Acquisition d’une servitude de vue sur le fonds voisin sur la base d’un acte illicite ?
La règle est connue : on ne peut créer une vue donnant directement sur le fonds voisin sauf à respecter les distances prescrites par les articles 678 et suivants du Code Civil.
Autre règle connue : on ne peut pratiquer des travaux sur les parties communes d’un immeuble soumis au droit de la copropriété sans accord de l’assemblée générale des copropriétaires.
Si ces règles sont connues, leur régime l’est moins et est bien plus complexe que ce que la lecture des articles consacrés peut laisser présager.
En l’espèce, la Cour de Cassation devait se prononcer sur la création d’une vue dans le mur d’un immeuble soumis au régime de la copropriété par un copropriétaire, donnant directement sur le fonds voisin.
Indépendamment de la caractérisation de la faute du syndicat des copropriétaires qui n’a pas agi pour imposer au copropriétaire indélicat de remettre les lieux en l’état, question qui ne posait pas véritablement de difficulté puisque le syndicat, en s’abstenant d’agir, a participé incontestablement à la réalisation du préjudice du voisin subissant les conséquences de la création de la vue, se posait la question de savoir si l’acquisition d’une servitude de vue par prescription pouvait se fonder sur des actes irréguliers.

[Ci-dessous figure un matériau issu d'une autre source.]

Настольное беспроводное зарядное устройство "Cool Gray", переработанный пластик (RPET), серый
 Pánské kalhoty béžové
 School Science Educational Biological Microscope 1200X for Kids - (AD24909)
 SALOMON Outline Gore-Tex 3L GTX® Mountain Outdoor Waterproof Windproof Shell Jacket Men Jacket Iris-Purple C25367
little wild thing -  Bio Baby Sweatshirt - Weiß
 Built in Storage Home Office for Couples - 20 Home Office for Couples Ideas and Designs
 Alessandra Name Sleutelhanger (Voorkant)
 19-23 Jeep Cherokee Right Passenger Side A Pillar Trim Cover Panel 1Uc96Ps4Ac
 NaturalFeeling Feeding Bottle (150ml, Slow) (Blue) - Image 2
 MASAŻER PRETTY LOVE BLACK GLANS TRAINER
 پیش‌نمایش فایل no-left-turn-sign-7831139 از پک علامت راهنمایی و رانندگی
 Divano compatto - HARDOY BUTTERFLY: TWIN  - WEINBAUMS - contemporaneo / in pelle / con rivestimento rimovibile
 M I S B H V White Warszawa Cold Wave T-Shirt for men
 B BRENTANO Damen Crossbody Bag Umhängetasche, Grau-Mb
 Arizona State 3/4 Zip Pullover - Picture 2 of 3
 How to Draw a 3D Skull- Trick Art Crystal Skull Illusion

En effet, le copropriétaire a percé le mur de la copropriété sans accord de l’assemblée générale et sans autorisation d‘urbanisme.
Les travaux ont donc été exécutés dans des conditions irrégulières.
La Cour d’Appel a considéré que nul ne peut prescrire en vertu d'une possession s'établissant sur des actes illicites ou irréguliers, en conséquence de quoi aucune servitude de vue n’a pu être acquise par prescription puisque la création de la vue l’a été dans des conditions irrégulières.
La Cour de Cassation estime au contraire que l'absence de déclaration préalable et le défaut d'autorisation par l'assemblée générale des copropriétaires ne font pas obstacle à l'acquisition d'une servitude de vue par prescription.
En conséquence, la réalisation d’une ouverture dans un mur intégré aux parties communes sans aucune autorisation ne constitue pas un acte illicite ou irrégulier de nature à faire obstacle à la prescription acquisitive d'une servitude de vue.